--- TASK DESCRIPTION ---
Set down, exactly and with nothing added, the lines running from the one that holds "Handmade thread bracelet" to the final line of the records. Pictures stay out of the copy.

___ SUPPLIED MATERIAL ___

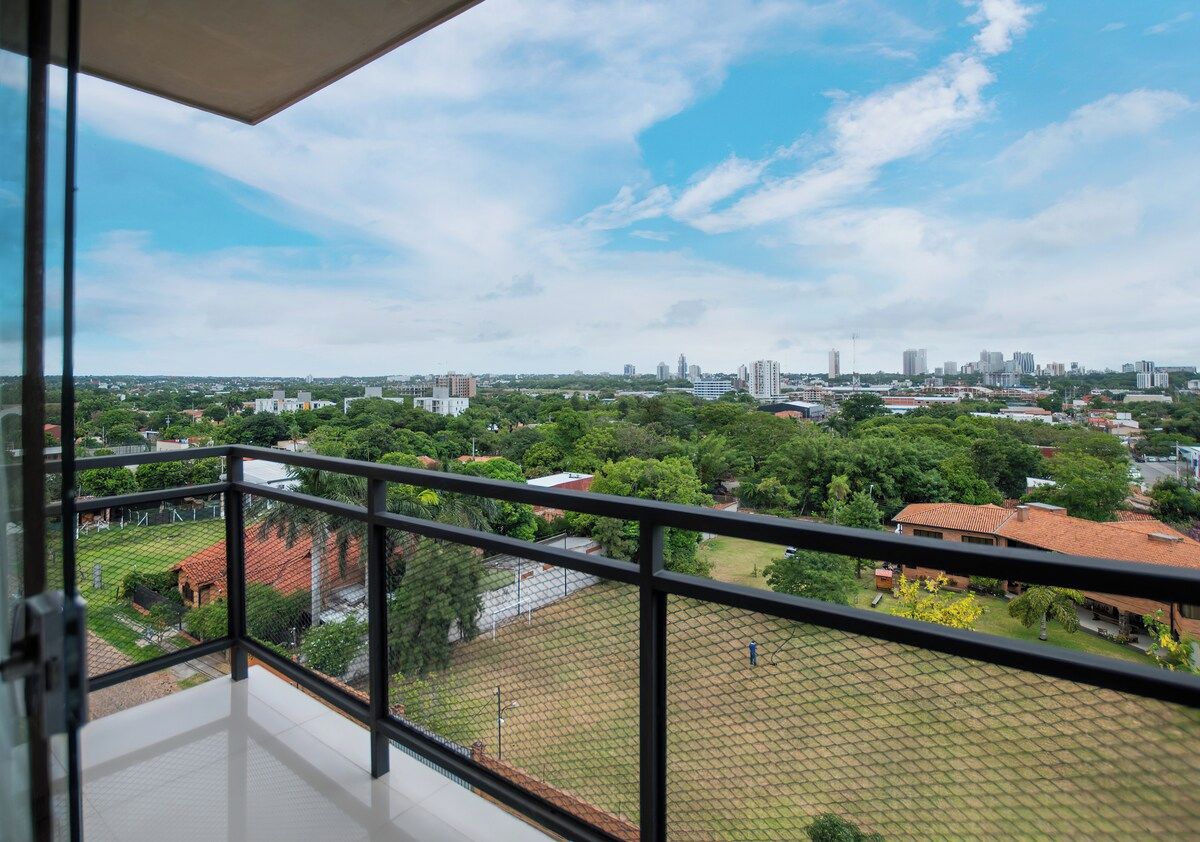 Un balcon offrant une vue sur le paysage urbain, avec ses bâtiments et sa végétation.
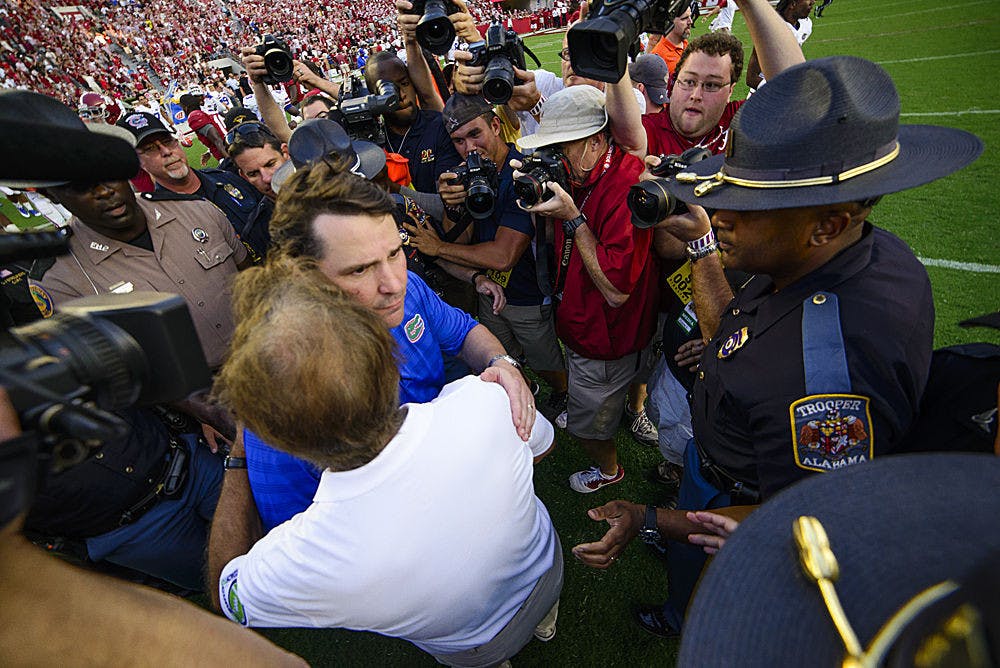 Florida coach Will Muschamp and Alabama coach Nick Saban embrace following Florida's 42-21 loss to Alabama on Saturday at Bryan-Denny Stadium in Tuscaloosa, Ala.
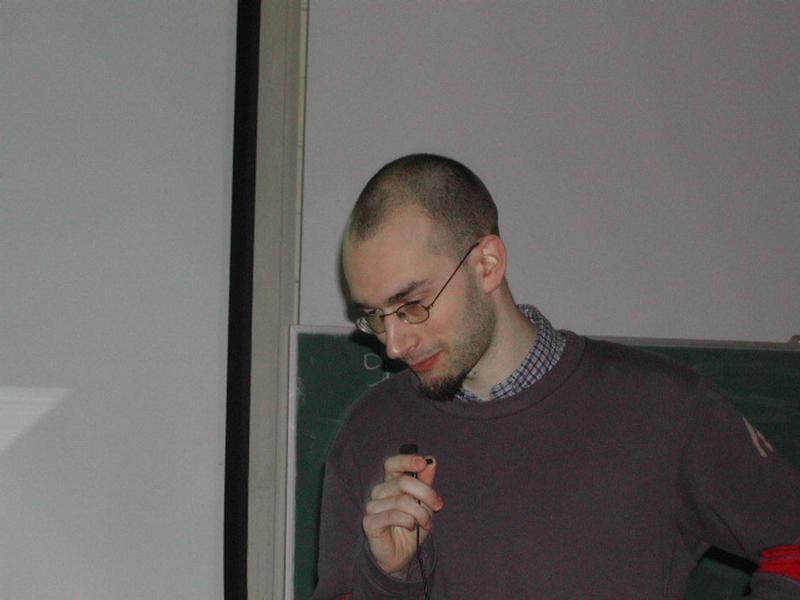 A person wearing glasses and a sweater holds a microphone while speaking at a Fosdem 2002 event.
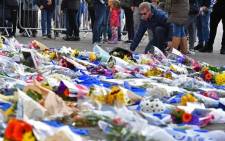 A man adds flowers to a growing pile of tributes outside Leicester City Football Club's King Power Stadium in Leicester, eastern England, on 28 October 2018 after a helicopter belonging to the club's Thai chairman Vichai Srivaddhanaprabha crashed outside the stadium the night before. Picture: AFP.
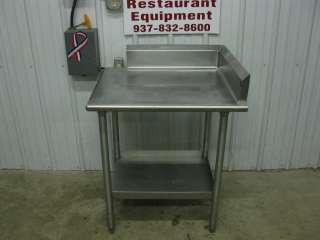   looking at a stainless steel corner work table w/ side & back splash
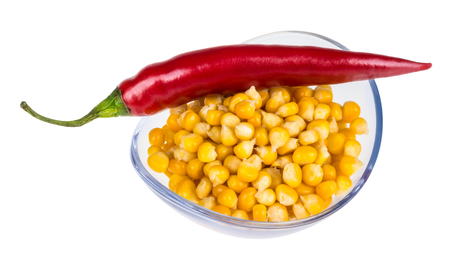 Bowl with corn and hot pepper. Yellow corn and red pepper in glass bowl isolated on white background.の写真素材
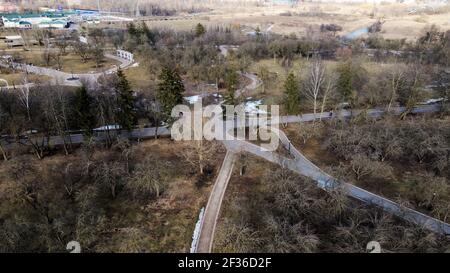 Flight over the city park. A pedestrian alley is visible below. High-rise city houses in the distance. Stock Photo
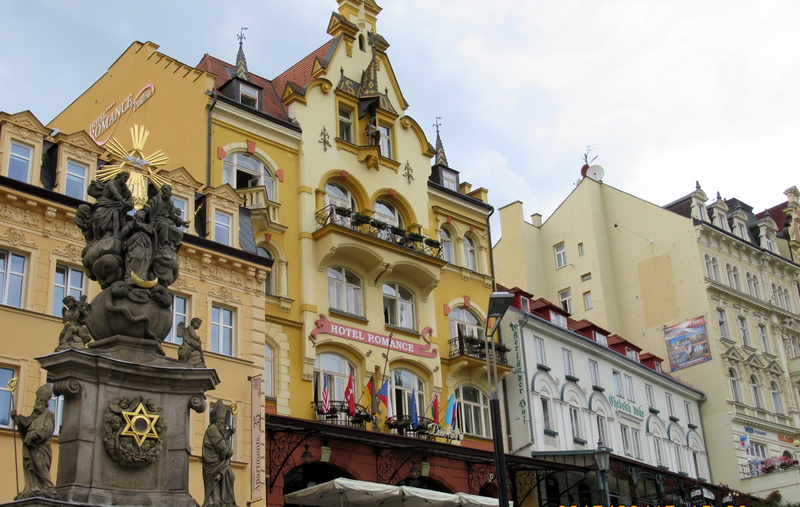 karlovy vary, built structure, sky, cloud - sky, residential district, building, day, human representation, low angle view, sculpture, hotels, nature, art and craft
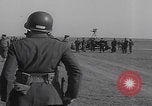 Image of Boys salute 101st Airborne Mourmelon le Grand France, 1945, second 57 stock footage video 65675080001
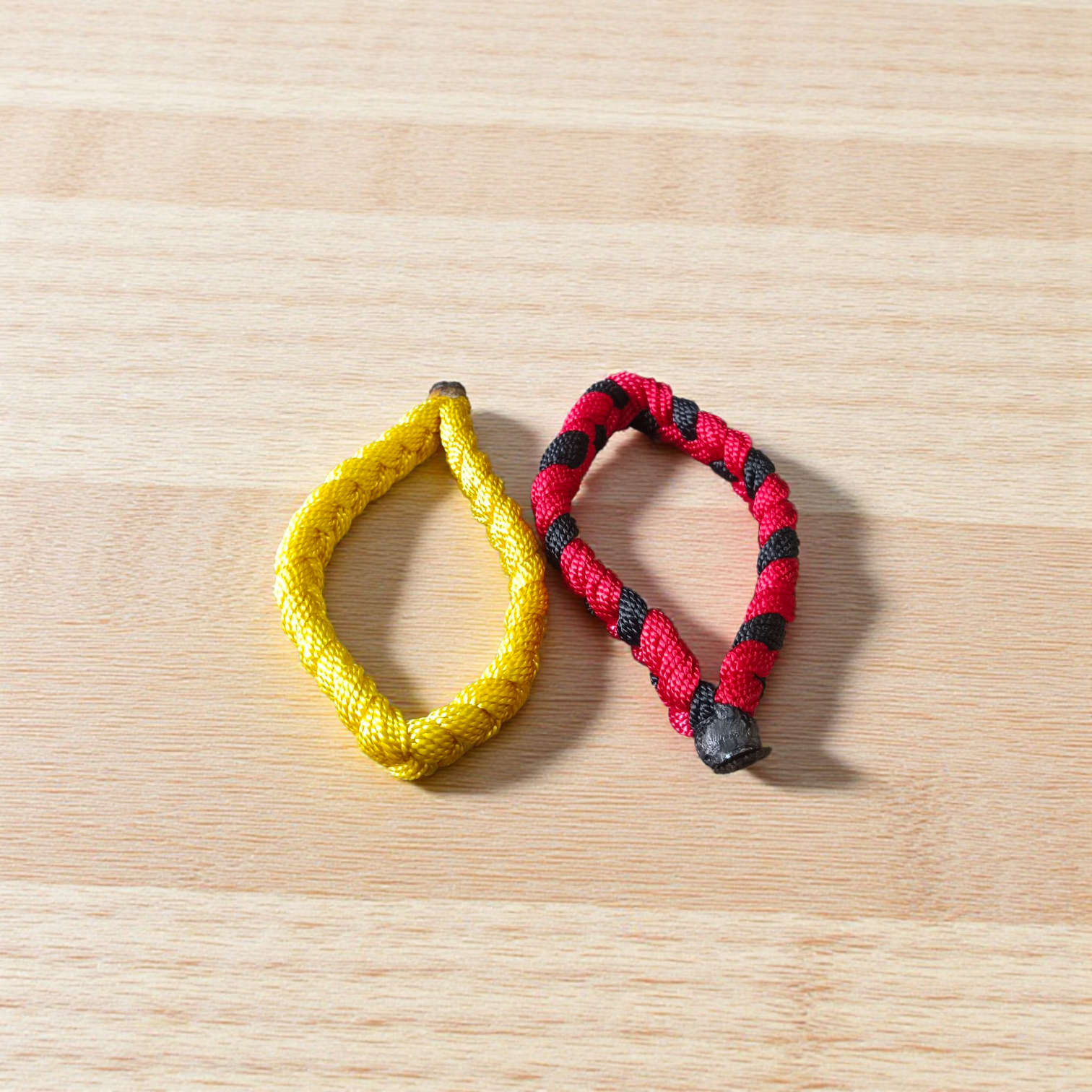 Handmade thread bracelet set of 4 in red, yellow, black, and multicolor for men and women, symbol of protection and spirituality by Gurupujan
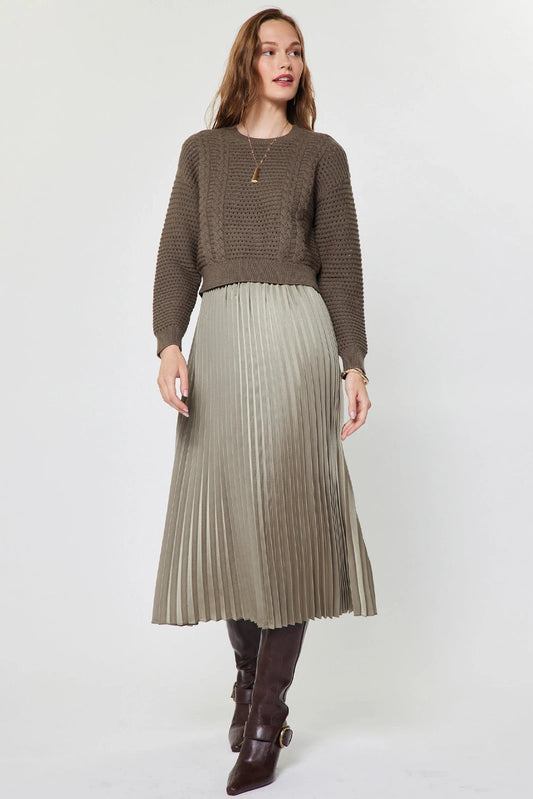 A woman modeling a brown textured knit sweater and a pleated taupe skirt, paired with dark brown leather boots, against a plain light gray studio background.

___

--- THE ANSWER ---
 Handmade thread bracelet set of 4 in red, yellow, black, and multicolor for men and women, symbol of protection and spirituality by Gurupujan
 A woman modeling a brown textured knit sweater and a pleated taupe skirt, paired with dark brown leather boots, against a plain light gray studio background.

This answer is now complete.